In [3]:
import pandas as pd
import numpy as np
from sklearn.model_selection import train_test_split
from sklearn.decomposition import PCA
from sklearn.compose import ColumnTransformer
from sklearn.preprocessing import StandardScaler, OneHotEncoder
from sklearn.pipeline import Pipeline
from sklearn.metrics import classification_report, confusion_matrix
from sklearn.dummy import DummyClassifier
from sklearn.linear_model import LogisticRegression
from sklearn.ensemble import RandomForestClassifier
from sklearn.ensemble import GradientBoostingClassifier
from sklearn.metrics import accuracy_score, recall_score, precision_score, f1_score
import matplotlib.pyplot as plt
import seaborn as sns
import warnings
warnings.filterwarnings("ignore")



## DATA LOADING, CLEANING & INTEGRATION

In [4]:
# Load datasets

orders = pd.read_csv("Orders.csv", encoding="latin-1", sep=";", decimal =",")
leadtime = pd.read_csv("LeadtimeService.csv", encoding="latin-1", sep=";")
airports = pd.read_csv("airports.csv", encoding="latin-1", sep=",", decimal =",")

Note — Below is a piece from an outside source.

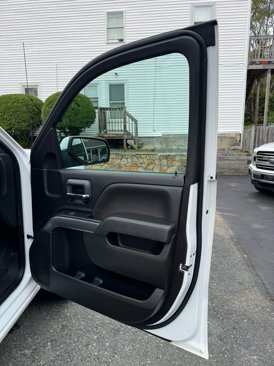 Used 2018 Chevrolet Silverado 1500 LT w/ All Star Edition image 28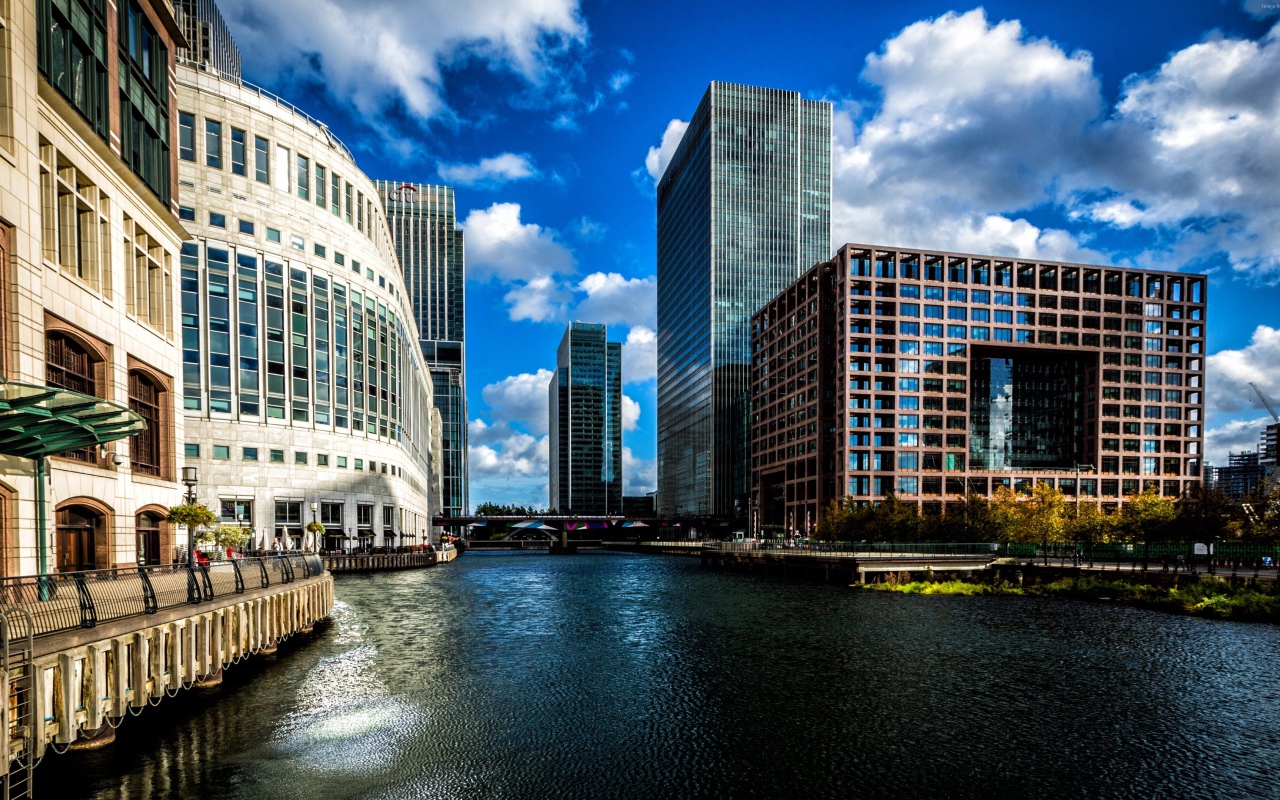 Деловой квартал Канэри-Уорф, Лондон, Великобритания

FileNotFoundError: [Errno 2] No such file or directory: 'Orders.csv'

In [None]:
orders

In [None]:
# Select relevant columns for analysis from orders dataset

cols_keep = [
    "Type",
    "Direction",
    "DSV-CW Ref.",
    "Goods Description",
    "Pcs",
    "Gwgt",
    "Cwgt",
    "NOTIFICATION date & Time",
    "ACTUAL Delivery & Time",
    "Service Level",
    "DGR",
    "Real Origin Airport",
    "Real Destination Airport",
    "ZONE",
    "AIRPORT ORIGIN-DESTINATION"
]

df_analysis = orders[cols_keep]

In [None]:
df_analysis["Service Level"].value_counts()

In [None]:
#drop rows with service level: "ERROR en Service Level (columna AK)"

df_analysis = df_analysis[df_analysis["Service Level"] != "ERROR en Service Level (columna AK)"]

In [None]:
df_analysis["Service Level"].value_counts()

In [None]:
# Service Level mapping used in the analysis
service_level_mapping = {
    "ROV": "Normal",
    "CRV": "Urgent",
    "AOV": "Critical"
}

df_analysis["Service Type"] = (
    df_analysis["Service Level"]
    .map(service_level_mapping)
)

df_analysis[["Service Level", "Service Type"]].drop_duplicates()

In [None]:
df_analysis["ZONE"].value_counts()

In [None]:
leadtime

In [None]:
#Drop spaces in column names
df_analysis.columns = df_analysis.columns.str.strip()
leadtime.columns = leadtime.columns.str.strip()

# Clean string columns to ensure proper merging
df_analysis["ZONE"] = df_analysis["ZONE"].astype(str).str.strip()
df_analysis["Service Level"] = df_analysis["Service Level"].astype(str).str.strip()

leadtime["Zone"] = leadtime["Zone"].astype(str).str.strip()
leadtime["SLA"] = leadtime["SLA"].astype(str).str.strip()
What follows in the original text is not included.